Peut-on être l'auteur d'un "style" ou d'une "tendance"?


« Quelle qu’en soit l’ingéniosité et même si elles sont marquées au coin du génie, la propagation et l’exploitation des idées exprimées par autrui ne peut être contrariée par les servitudes inhérentes aux droits d’auteur : elles sont par essence et par destination de libre parcours (…) Les idées comme telles échappent à l’appropriation: c’est à la forme que le monopole littéraire s’applique…»  Henri DESBOIS

Si « les idées sont de libres parcours » , formule que les juges empruntent de manière récurrente à Henri DESBOIS, spécialiste de la matière dès le début de son émergence, cela signifie qu’on ne peut pas se les approprier. Le principe de l’exclusion des idées dans toutes les propriétés intellectuelles fait l’objet d’une tradition très ancienne. On la retrouve chez Georges BATAILLE dès 1876:  « Une fois émise, l’idée appartient à tous ». Même s’il n’est pas exprimé dans la loi, le principe est très ancré puisqu’il domine en doctrine et est systématiquement appliqué en jurisprudence. L’exclusion des idées se justifie sur différents fondements:

1. Une idée brute peut s’exprimer en pleins de formes différentes. Ainsi, celui protégé par un droit d'auteur empêcherait d'autres d’utiliser ou les décliner cette idée sous d’autres formes. Cela reviendrait donc à bloquer toute création d’oeuvre, à freiner le progrès et à paralyser certaines libertés fondamentales: la liberté d’expression, la liberté de commerce, la liberté d’entreprendre, la liberté de critique, la liberté de l’information, le droit à l’éducation ou la culture… Du côté des auteurs c’est la liberté de création qui est favorisée puisque chaque auteur peut « puiser » dans le répertoire des idées et enrichir ce « fond commun » d’éléments non protégés, le domaine public. Si l'on venait à protéger les idées, le domaine public serait ostensiblement et indubitablement réduit par la création de licences obligatoires, sans que cela soit réellement justifié. En effet, il est peu convaincant d’affirmer qu’une oeuvre est protégée car elle a un valeur économique. Elle l’est, au contraire, car elle émane de la création d’un individu.

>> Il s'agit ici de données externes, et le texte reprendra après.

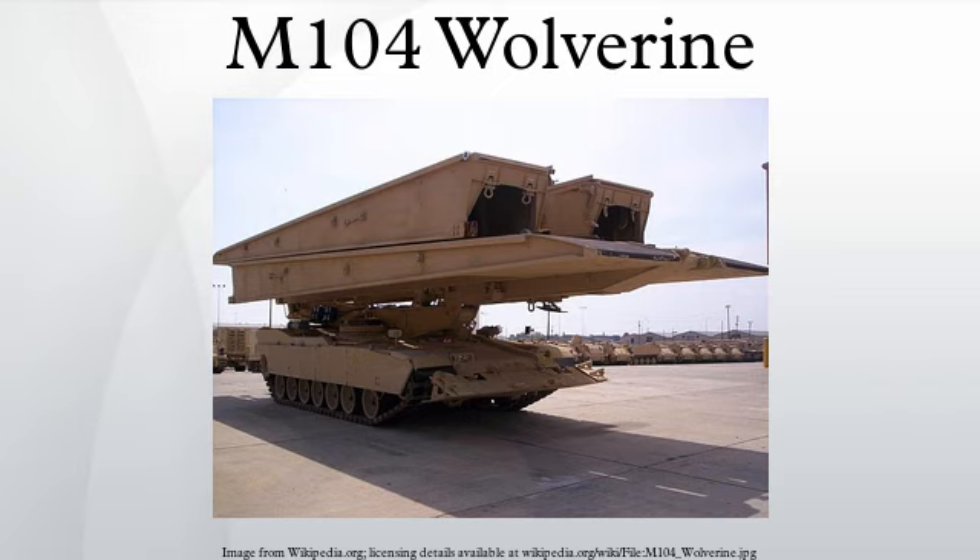For over a quarter of a century, the U.S. Army made use of armored bridge-laying vehicles based on the M48 Patton and M60 series of tanks. However, the Army discovered that the aging M60AVLB was too slow to keep up with the M1 Abrams during field maneuvers. Additionally, the Abrams was so heavy that it could safely cross the AVLB's bridge only at a very slow speed.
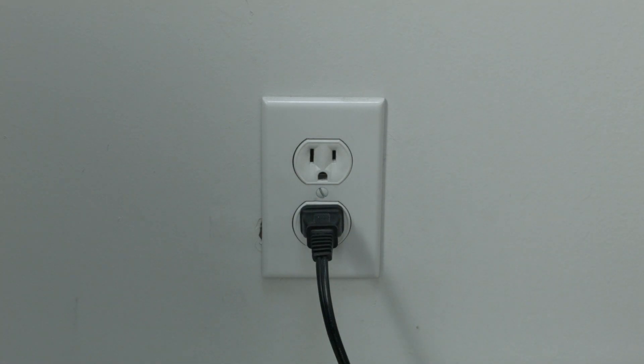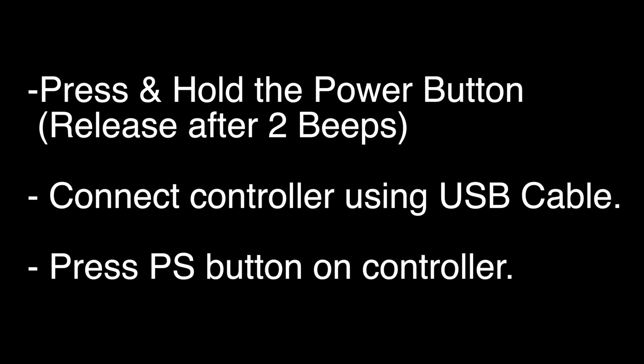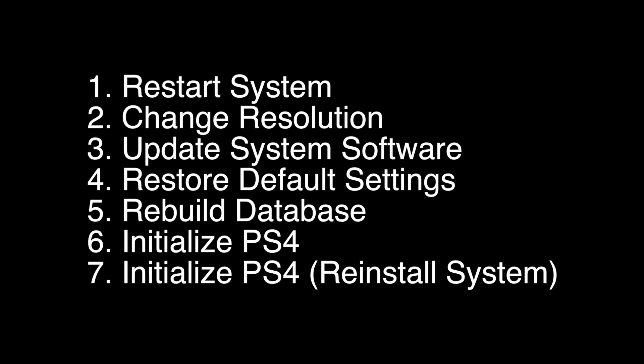If your PlayStation is working again, great. If not, press and hold the power button down until you hear two beeps, then release the power button and plug in the controller using a USB cable and press the PS button. When a menu comes up that looks something like this, select option number five: Rebuild Database. This may take several minutes to complete, but after it's done your PS4 should hopefully be working again.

2. Les droits de propriété intellectuelle protègent les personnes qui créent et non les personnes qui les inspirent. C’est la différence entre la simple idée et l’acte créatif : avoir une idée
n’est pas créer.

L’exclusion des idées est en adéquation avec le critère de l’originalité en droit d’auteur. En effet, une idée n’est pas propre à l’individu qui les développe, quand bien même il serait "le premier » a l’avoir eu (à supposer qu’il y ait des idées « neuves »). La personnalité est exprimée à travers la forme et la forme est par nature l’expression d’une personnalité qui est elle-même unique. Par conséquent, la forme d’une œuvre originale serait toujours différente si elle émanait d’un autre auteur, tandis que l’idée serait toujours la même qu’elle que soit la personne qui la mettrait en forme. Le professeur GAUTIER donne l’exemple du thème du « Lys dans la vallée » de BALZAC. Si ce thème avait été abordé par un autre auteur, le roman serait très différent puisque la forme lui est propre. L’idée, elle, reste la même: elle est en fait détachée de l’individu, presque inhumaine.

Si on admettait la protection des idées, cela voudrait dire, donc, qu’il faudrait changer de critère de protection du droit d’auteur en remplaçant l’originalité par la nouveauté.

3. Enfin, si les idées étaient protégées, cela poserait vraisemblablement des difficultés probatoires. En effet, il est extrêmement difficile de prouver qu’on est à l’origine d’une idée. D’autant plus dans l’industrie de la mode, où les designers ont tendance à se penser précurseur d’une « mode », d’un « style », ou d’une « tendance » alors qu’il s’agit souvent d’un cycle sans fin, de tendances qui « reviennent à la mode », d’un fond commun dans lequel puisent les designers de façon cyclique.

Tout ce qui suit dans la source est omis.